Jzt konte sich unser Auge weiden an den
Gemälden Hollbeins, vorzüglich an seinem
Abendmahle, an seiner Kreuzigung, den Port-
raits des Erasmus und Melancton, so wie an der
Familie des Künstlers selbst. Auch einem
gemeinen Kenner fält in dieser Sammlung
das stuffenweise Fortschreiten der Kunst auf,
von ihrem jüngeren Pinsel lies uns die Zeit
noch einige Überbleibsel, Aushängschilde für
Schulen, die gegen erstere wirklich contrast-
ieren. Noch deutete man uns auf
einen verscheidenden Christus, in welchem
die Copie eines erstikten Juden (ein
Kunstgriff Hollbeins) nicht zu mißkennen ist.

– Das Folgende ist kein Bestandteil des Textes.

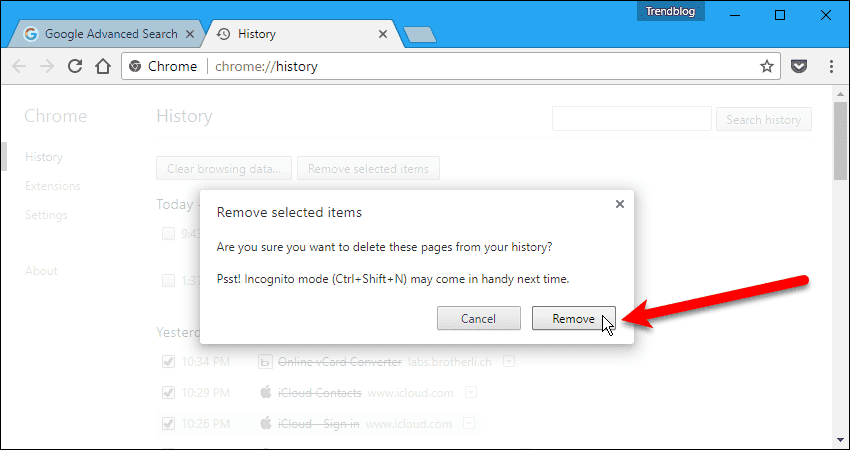 How To Turn Off Autofill In Chrome Search Bar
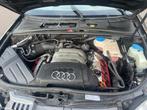 Audi A4 3.2 FSI Q. PRO LINE (WATERSCHADE!), 1800 kg, A4, Zwart, Origineel Nederlands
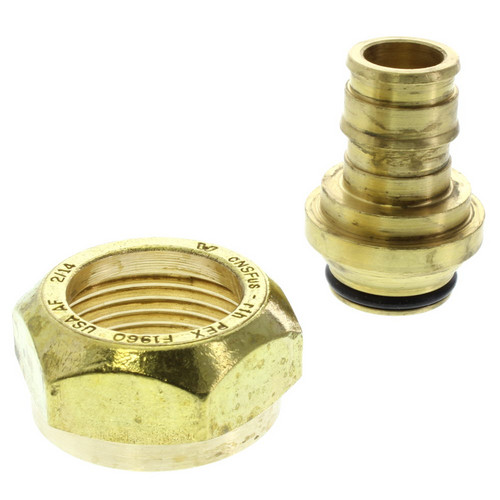 Uponor Q4020625 Manifold Fitting Assembly, 5/8 in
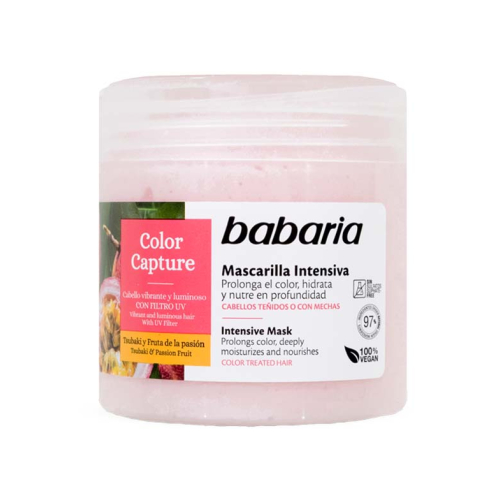 Babaria - Intensive mask - Color Capture
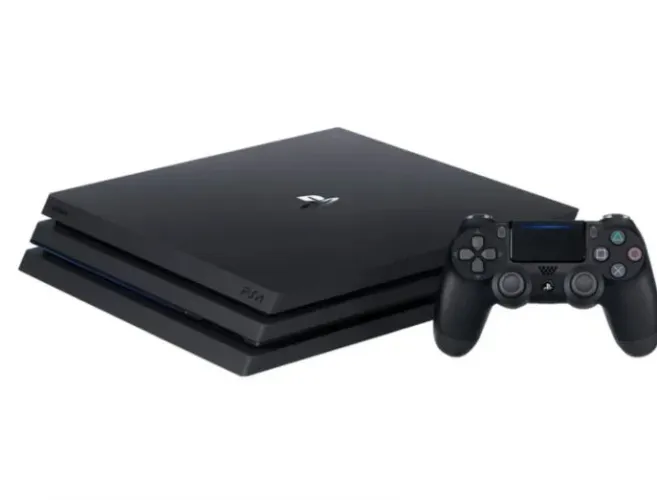 Play station 4 pro 1 terrabyte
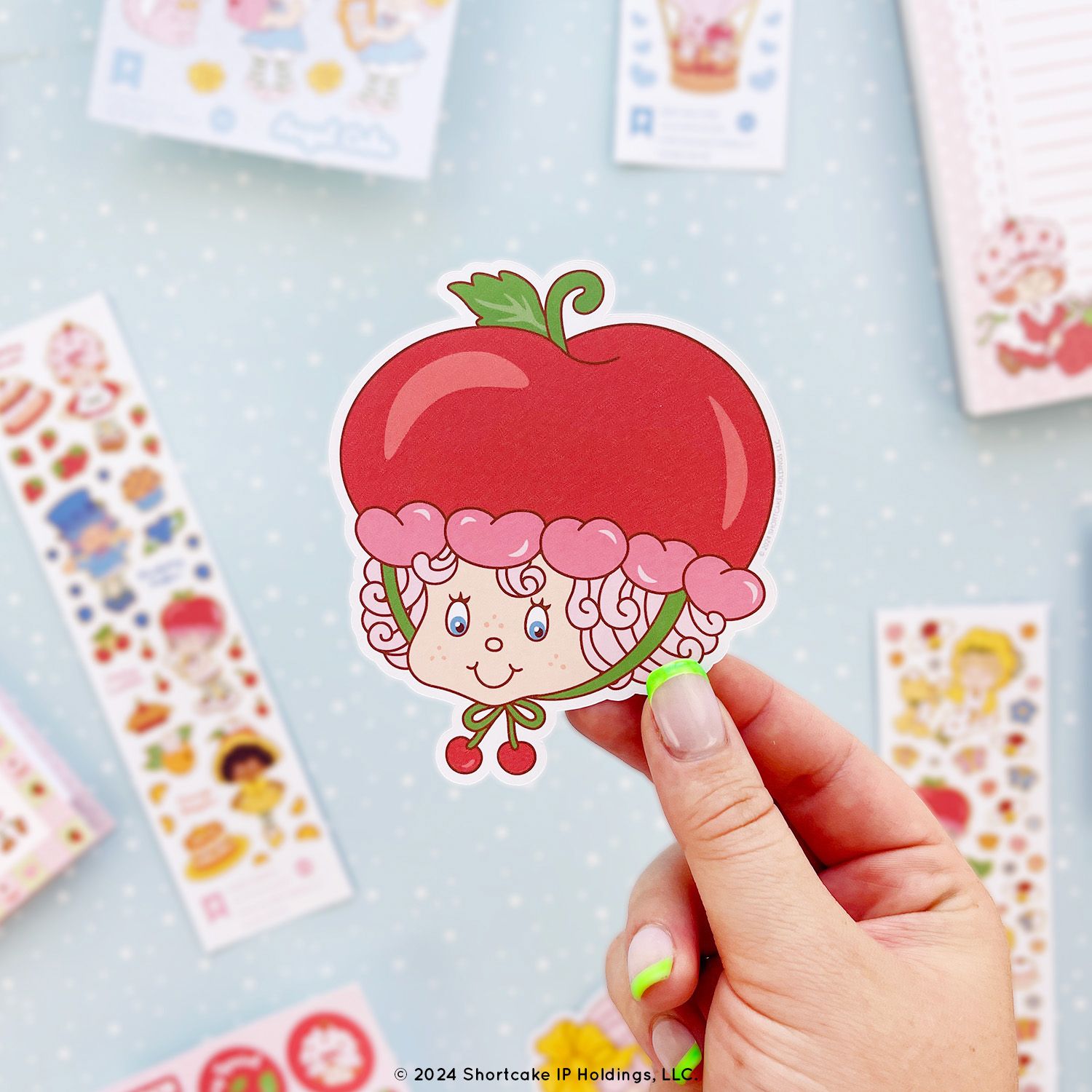 Pipsticks + Strawberry Shortcake Sweet Stationery Box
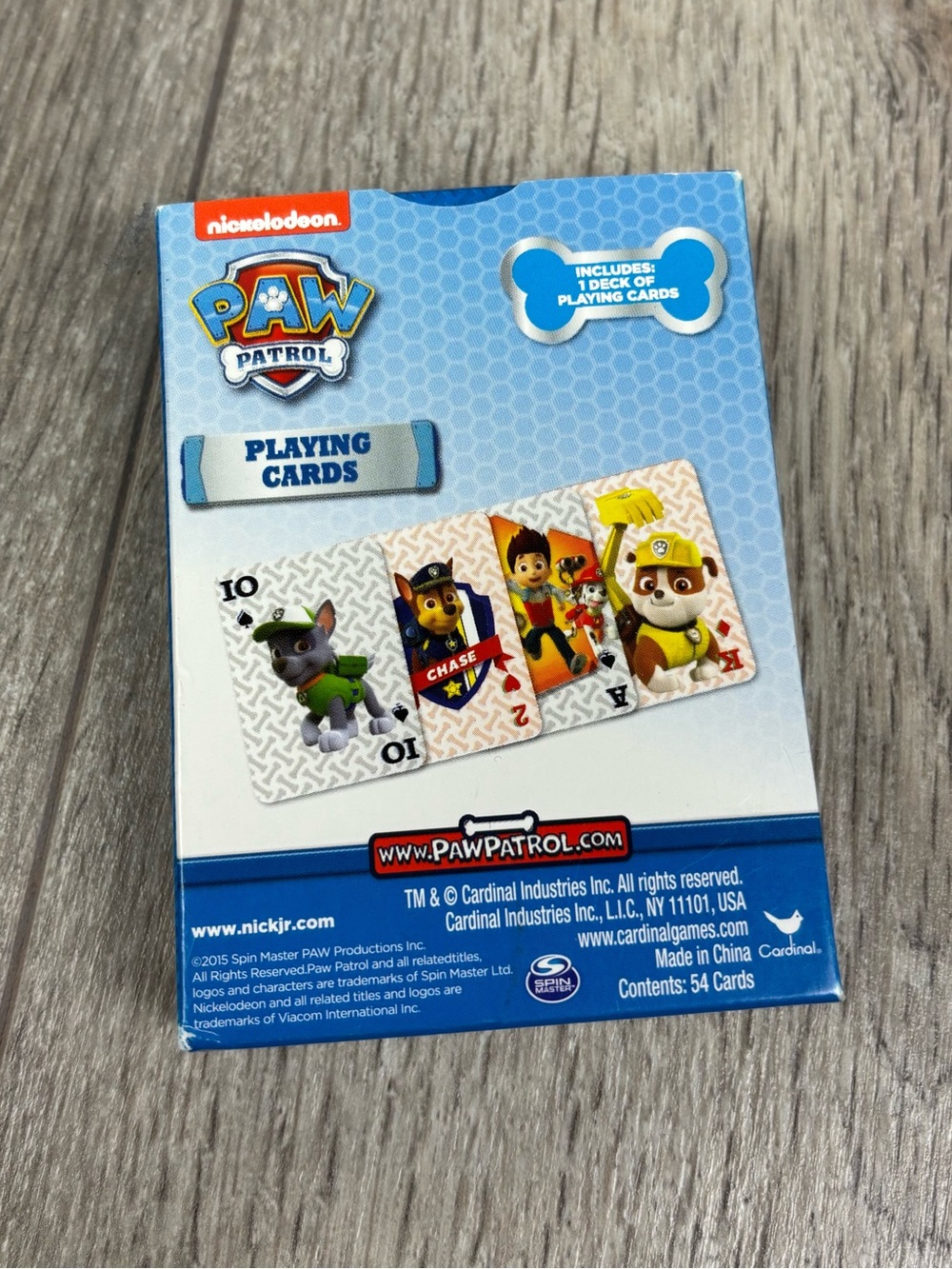 Paw Patrol Tin Carrying Case - Picture 6 of 7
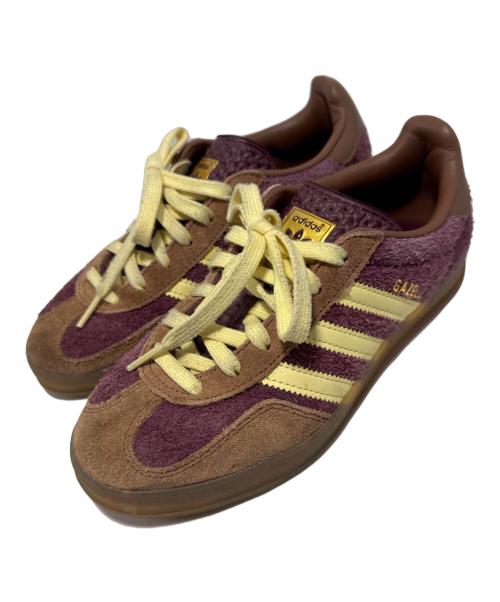 adidas（アディダス）adidas (アディダス) ローカットスニーカー パープル サイズ:23.5㎝の古着・服飾アイテム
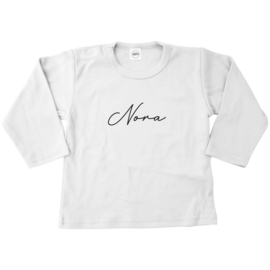 Shirt | Naam sierlijk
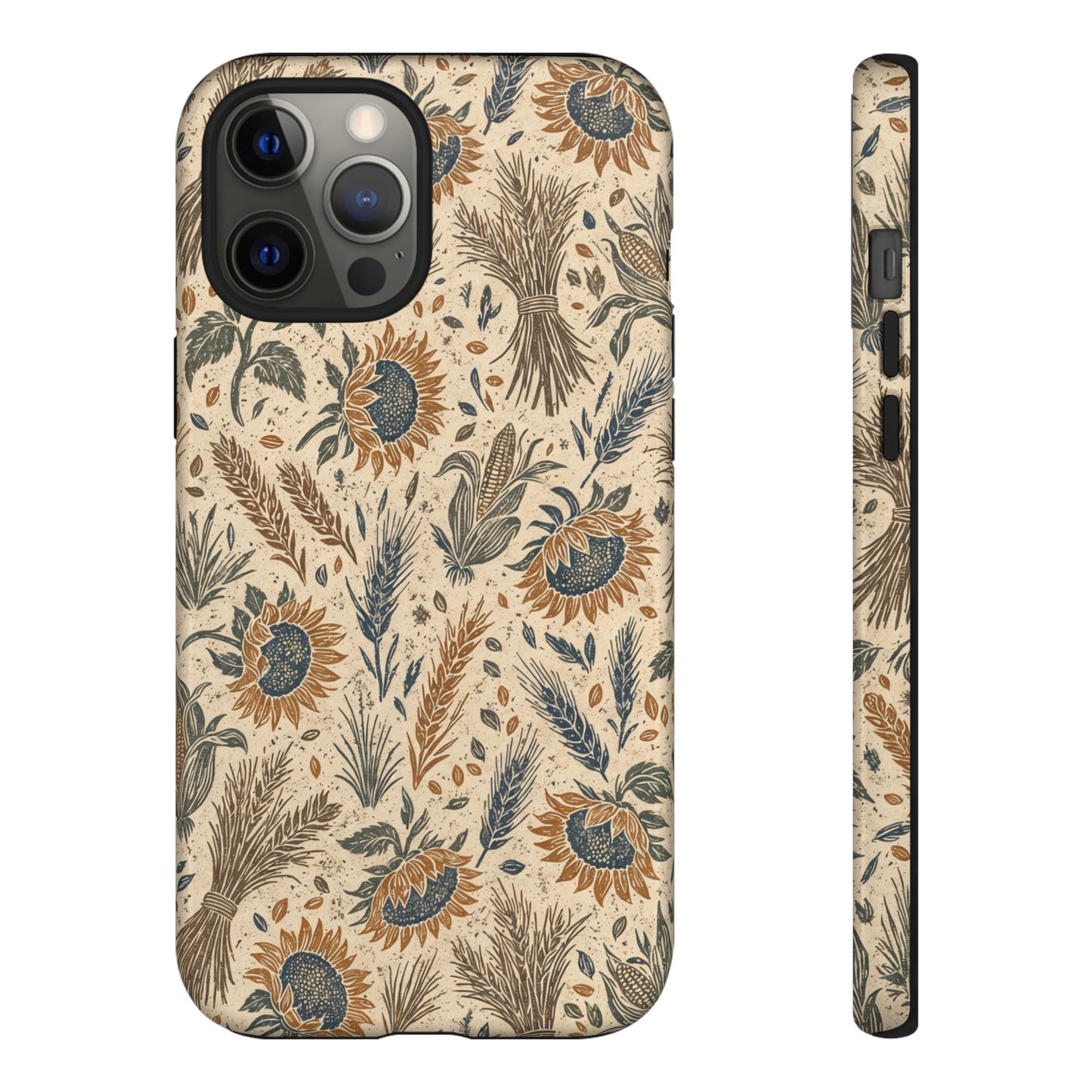 Sunflower Wheat Tough Case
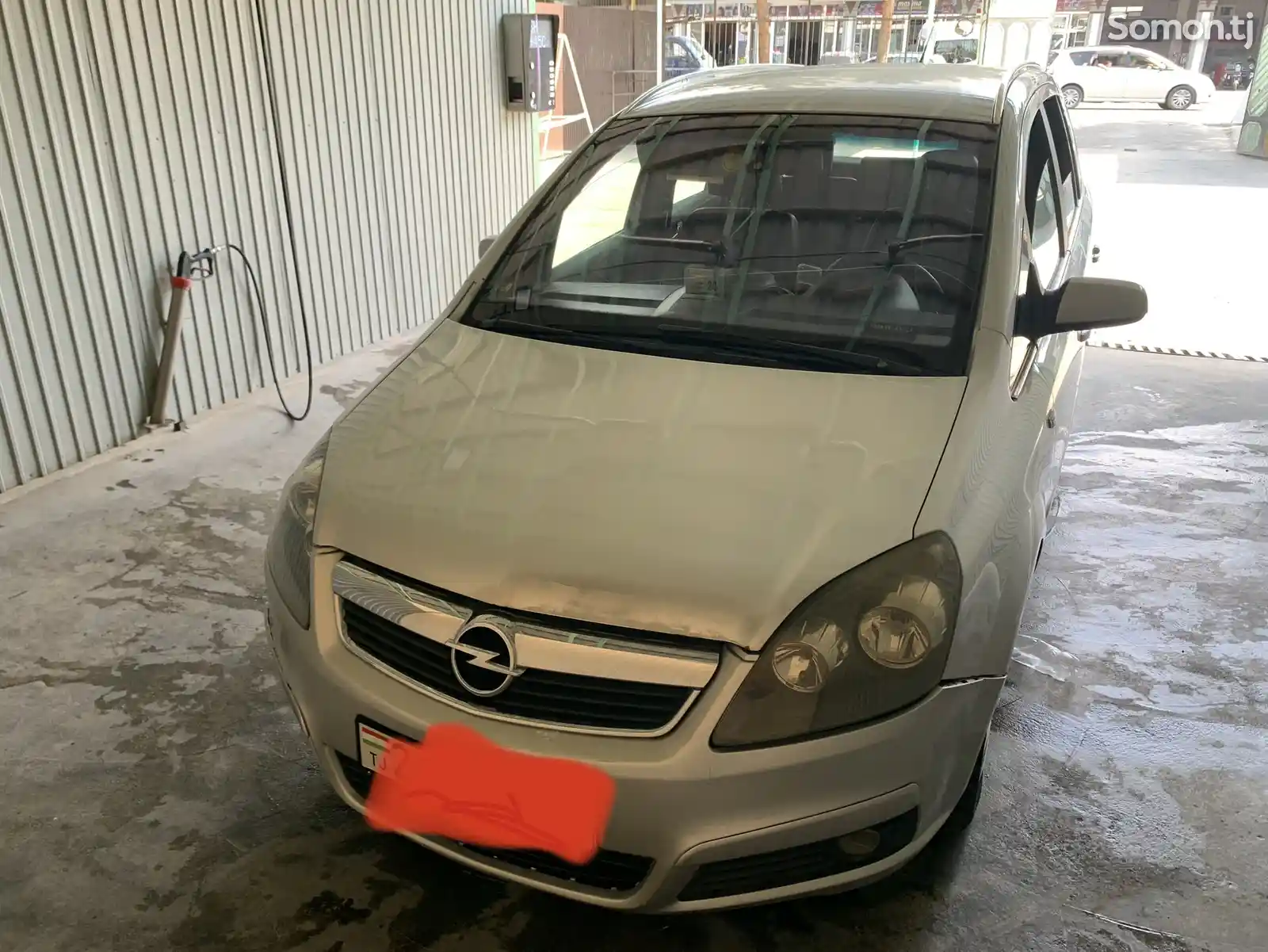 Opel Zafira, 2007-6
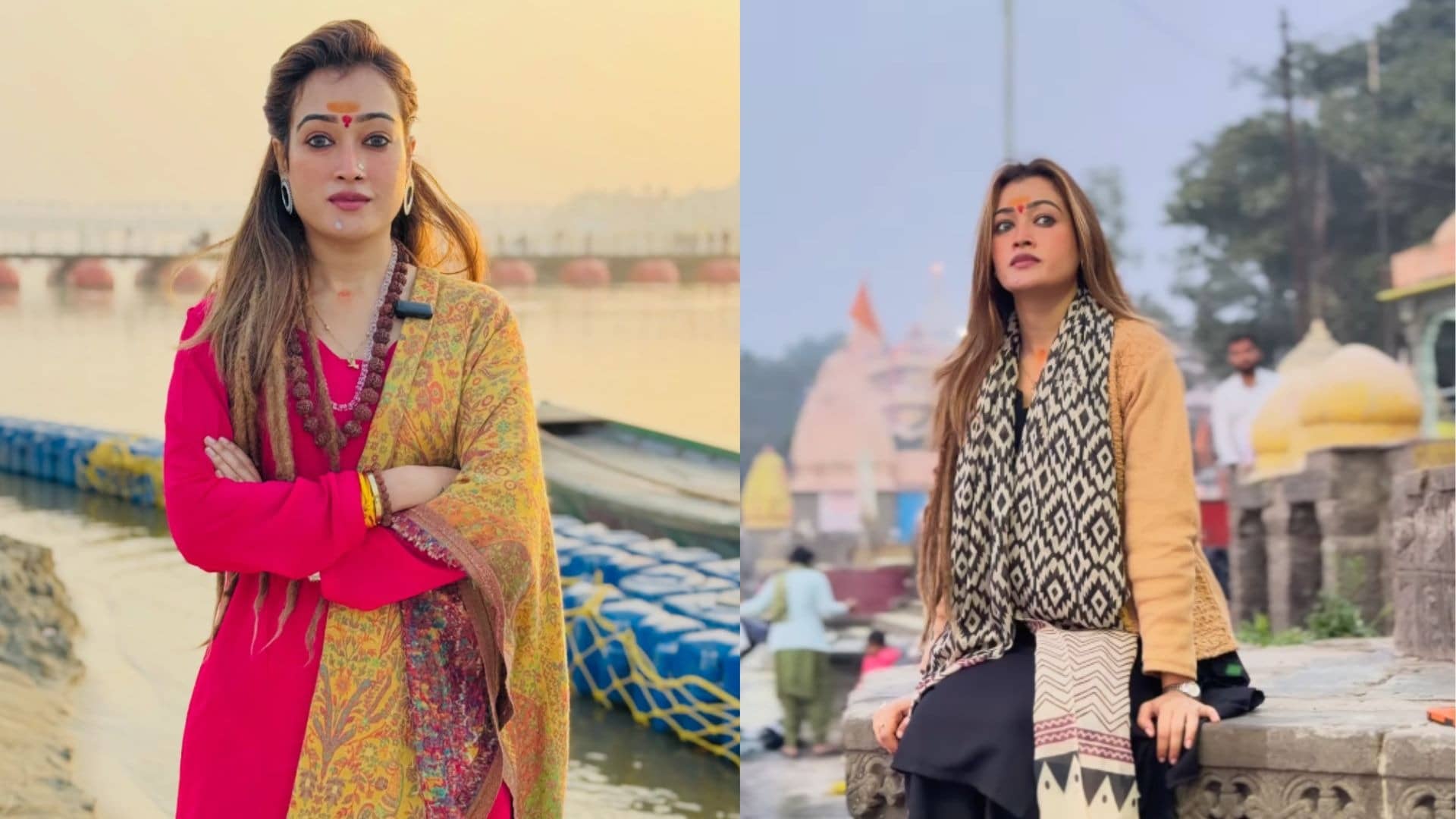 Harsha Richhariya: 'कैसे लव जिहाद के जाल में फंसती हैं आपकी बेटियां?' 'महाकुंभ वायरल साध्वी' ने मोहम्मद अशहर के ईमेल दिखाकर गिनाए कारण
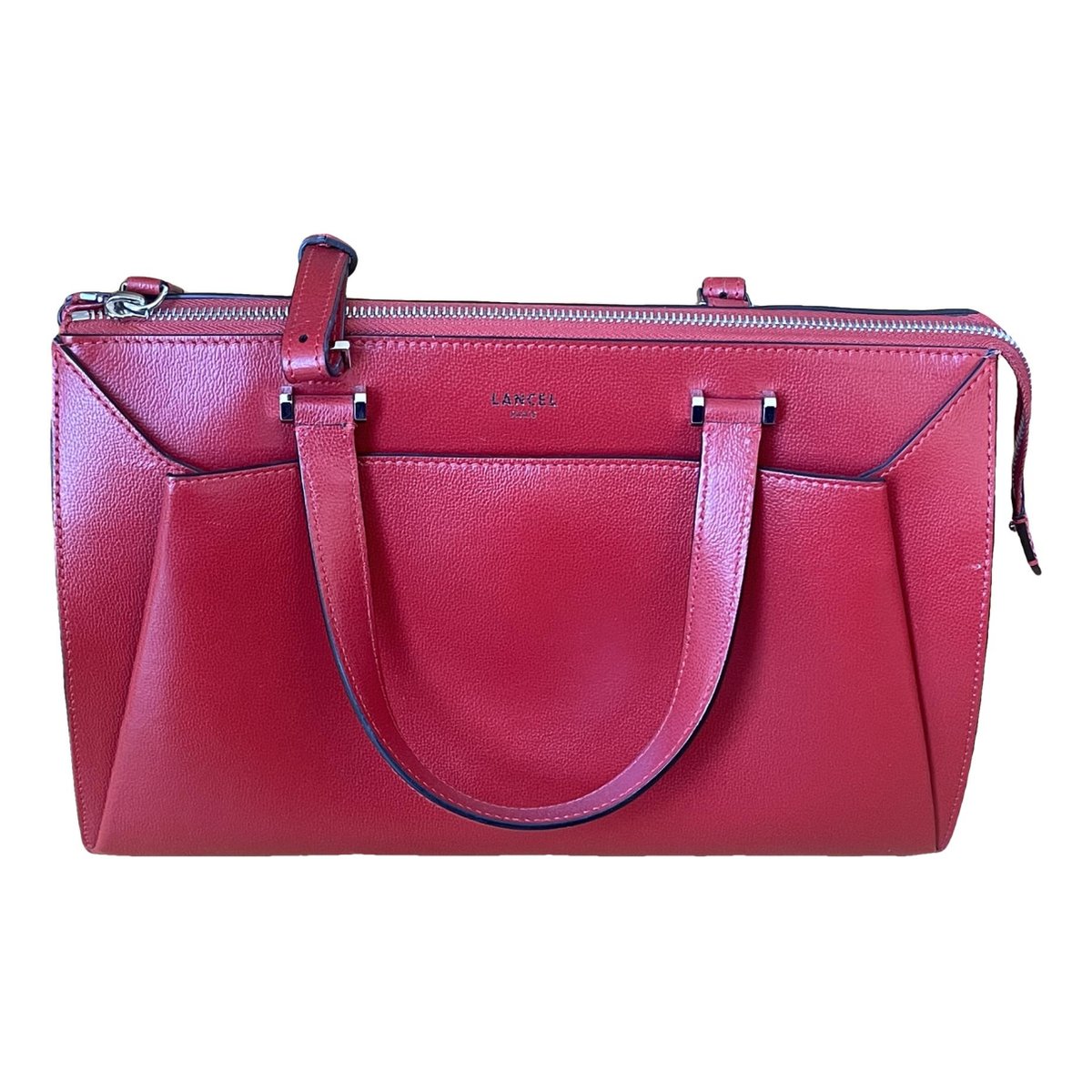 Lison leather handbag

Wir sehen noch einige kleine Stüke und
Handzeichnungen von ihm, und gehen zu der sehr
vollzähligen berühmten Kupferstichsammlung
Mechels[8] über. Die Zeit drängt uns, diese
und die ihr angehängte von Gemälden bald zu
verlaßen. Im Vorbeygehen besuchten wir
 
 [8] Christian von Mechel, Kupferstecher, 1737-1817. HBLS V, S. 61.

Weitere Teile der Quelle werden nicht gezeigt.